For many decades, courts have awarded the representative plaintiffs who bring class actions an extra payment when the actions recover something for the class. It has long been thought that the payments are necessary to induce a class member to step forward and serve as a representative, and, without them, many class actions would go away. Indeed, we show that the payments had become all but ubiquitous in non-securities class actions. In 2020, however, the United States Court of Appeals for the Eleventh Circuit became the only circuit to hold the payments unlawful. We test whether the Eleventh Circuit's decision caused a decline in class action filings there relative to other circuits. Much to our surprise, we did not find good evidence of a decline. We surmise that class members may be willing to serve as representatives without the extra compensation for selfless or principled reasons. Although, if true, this might not entirely defeat the case for representative payments, it certainly complicates that case because some believe the payments are not costless. As a result, our analysis may give courts and commentators additional reason to rethink their support for prevailing practices.

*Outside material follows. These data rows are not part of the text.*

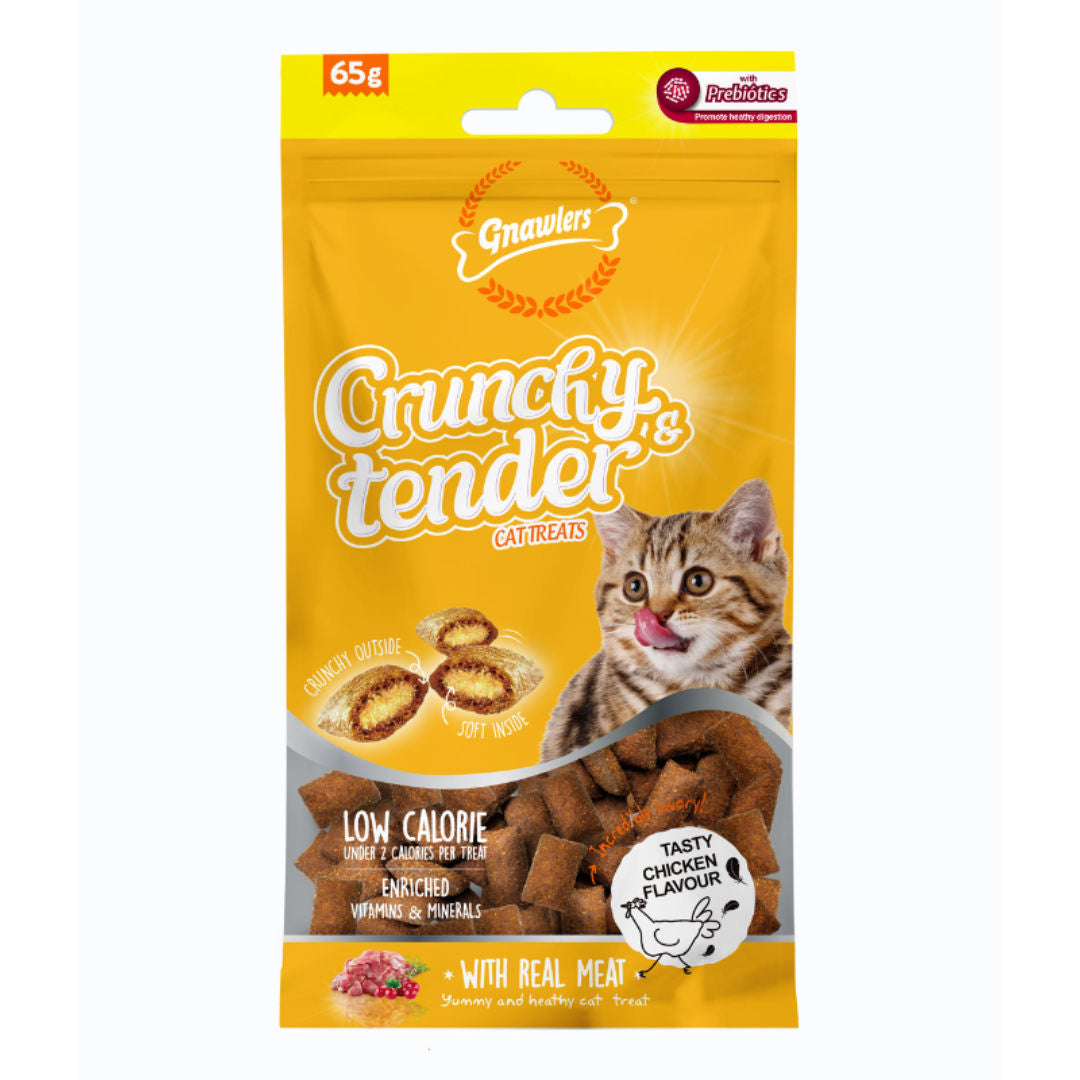 Gnawlers Crunchy & Tender Cat Treats, 65gm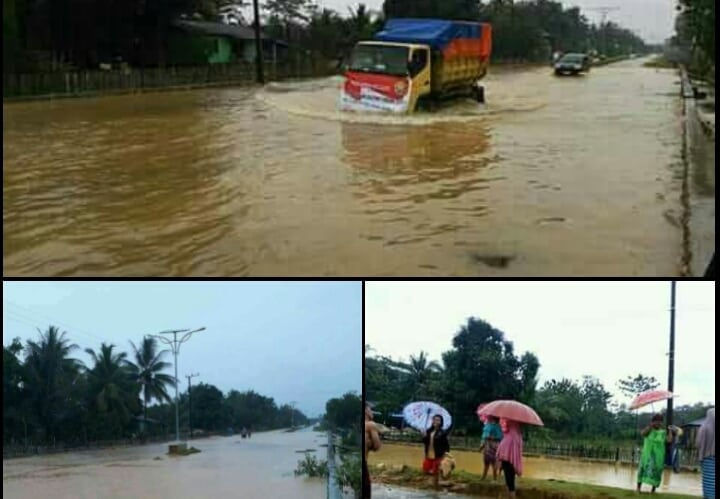 Kondisi jalan ringroad tiworo yang tergenang banjir. (Foto: Istimewa)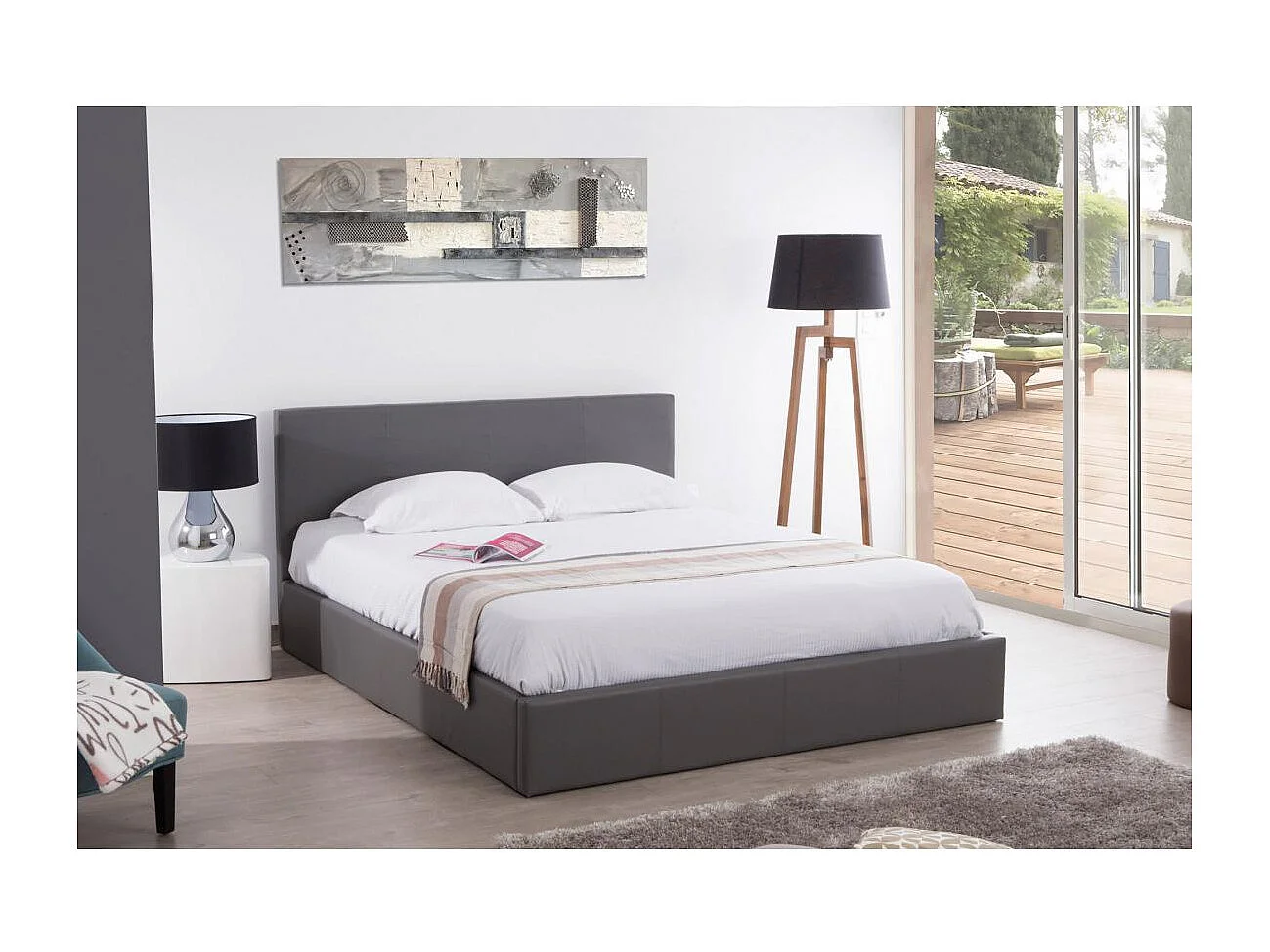 Lit coffre 2 places 160x200 cm BASTIEN simili cuir sommier inclus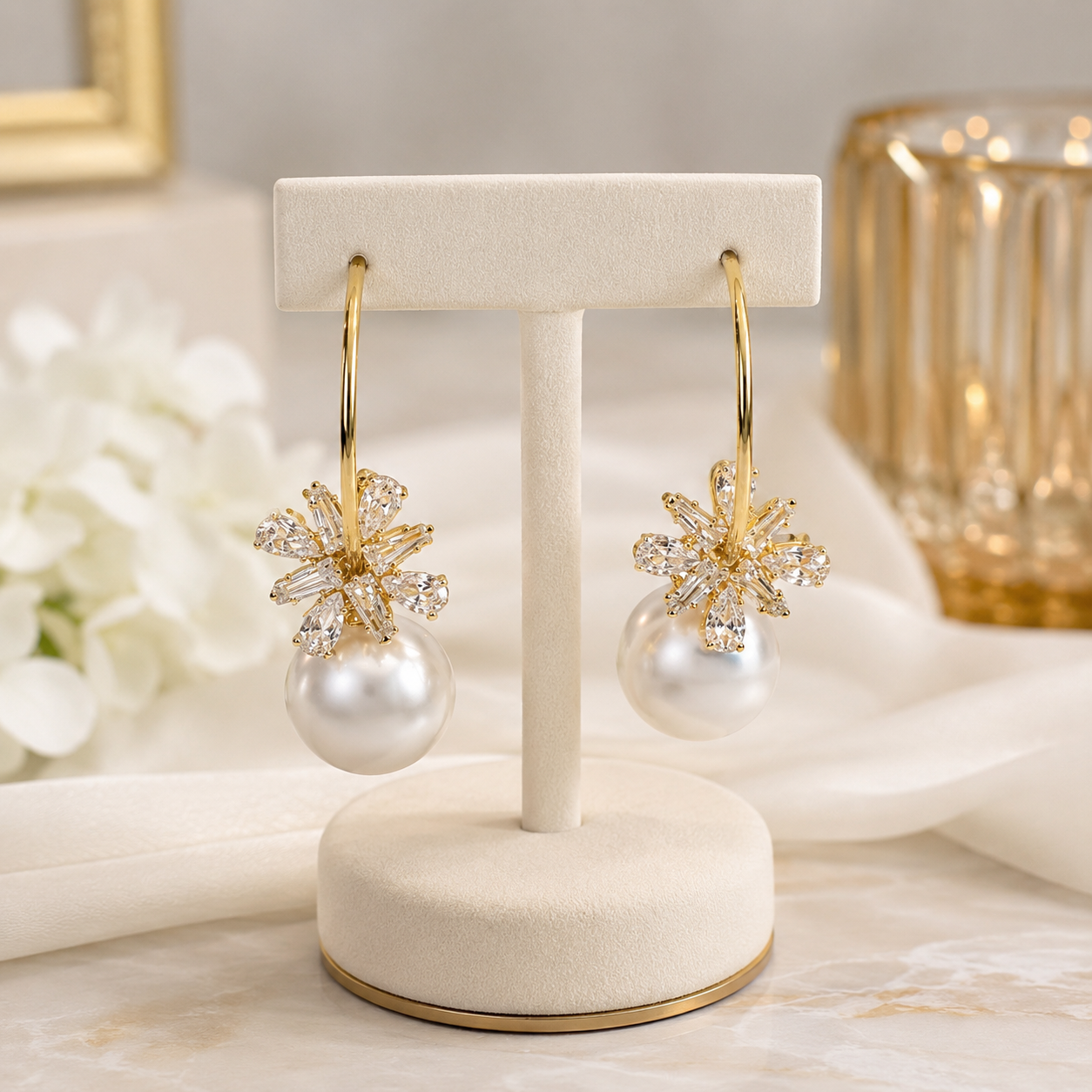 14K Gold Plated CZ Starburst Pearl Hoop Earrings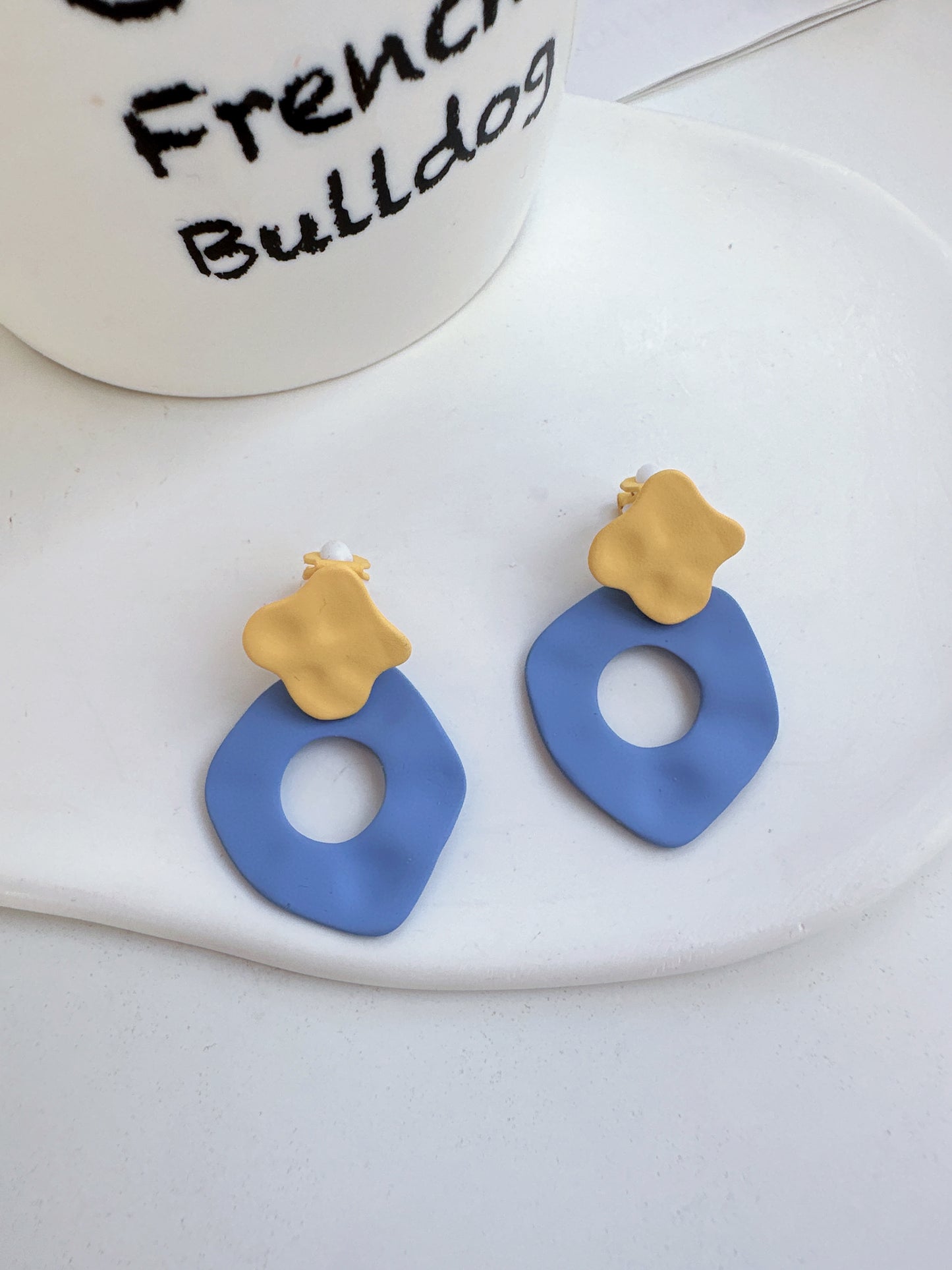 Yellow and Blue Metal Clip On Earrings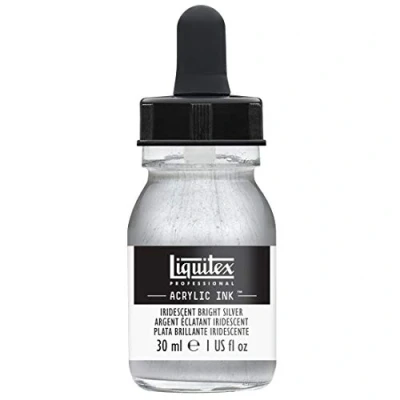 Image of Liquitex 4260236 liquid professional acrylic paints ink, 30 ml, highly pigmented airbrush paint, iridescent light silver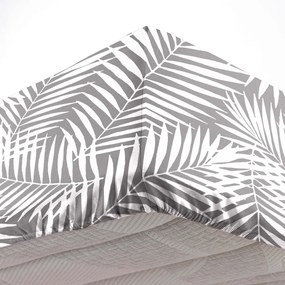 Cearceaf alb/gri din bumbac cu elastic 160x200 cm Botania – douceur d'intérieur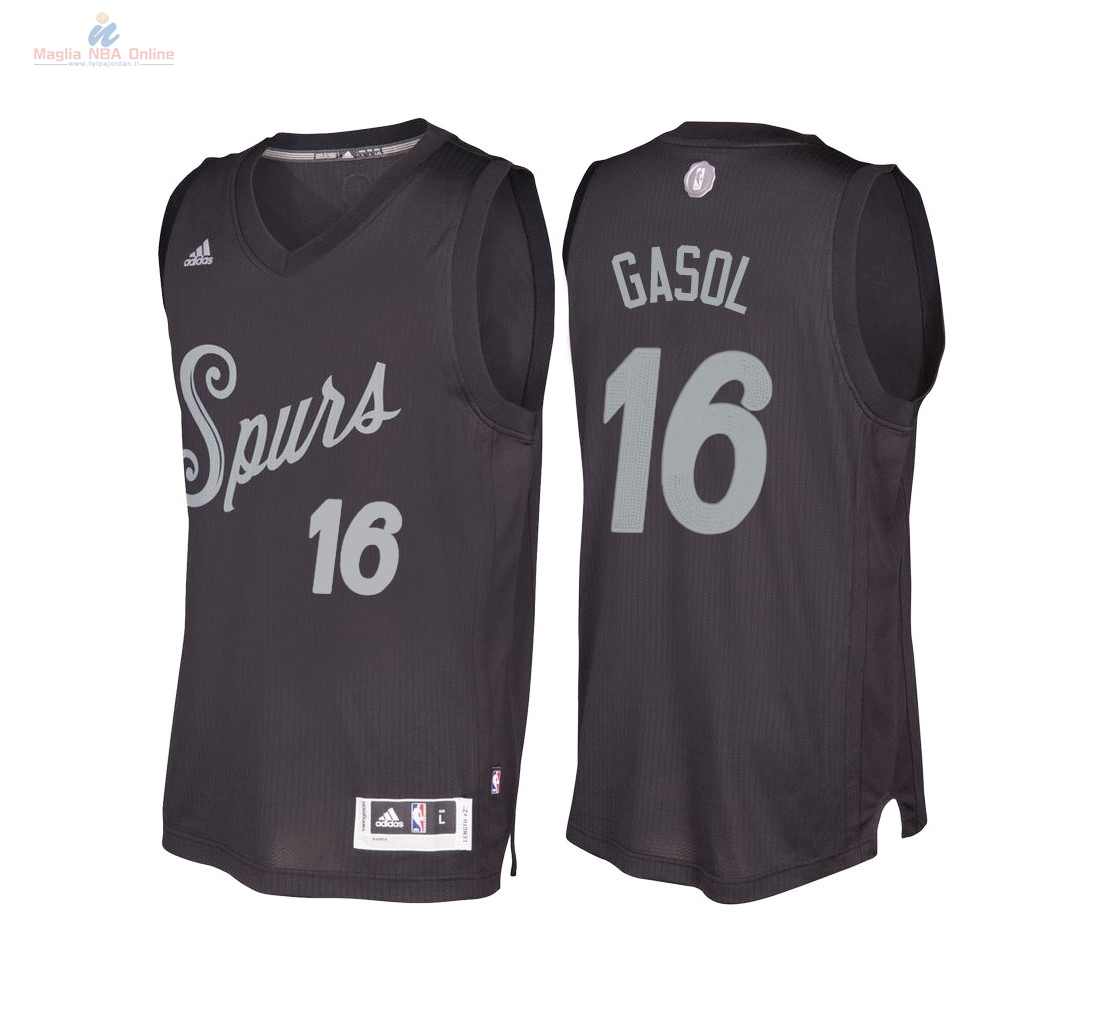 Acquista Maglia NBA San Antonio Spurs 2016 Natale #16 Pau Gasol Nero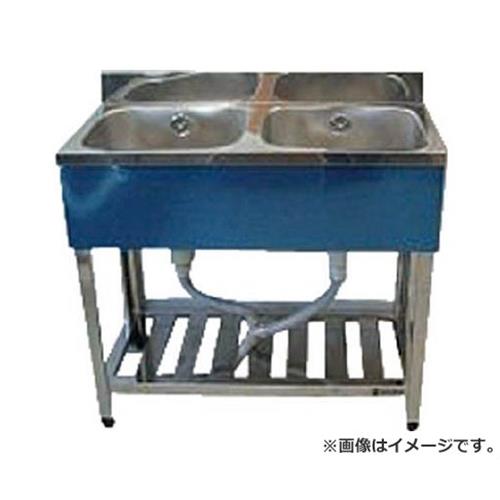 アズマ 二槽シンク(ホース付) 900×450×800 KP2900 [r21][s9-032]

几十年来,当集体诉讼为集体追回了一些东西时,法院会给予提起集体诉讼的原告代表额外的报酬。长期以来,人们一直认为,要诱使集体诉讼成员站出来担任代表,支付赔偿金是必要的,如果没有这些赔偿,许多集体诉讼就会消失。事实上,我们表明,在非证券类集体诉讼中,这种支付几乎无处不在。然而,在2020年,美国第11巡回上诉法院成为唯一一个认为支付非法的巡回法院。我们将测试第十一巡回法院的判决是否导致该地区的集体诉讼案件数量相对于其他巡回法院有所下降。令我们非常惊讶的是,我们没有发现下降的充分证据。我们推测,班级成员可能出于无私或原则性的原因,愿意在没有额外补偿的情况下担任代表。虽然,如果这是真的,这可能不会完全击败代表性付款的情况,但它肯定会使情况复杂化,因为一些人认为付款并非没有成本。因此,我们的分析可能会给法院和评论员更多的理由来重新考虑他们对现行做法的支持。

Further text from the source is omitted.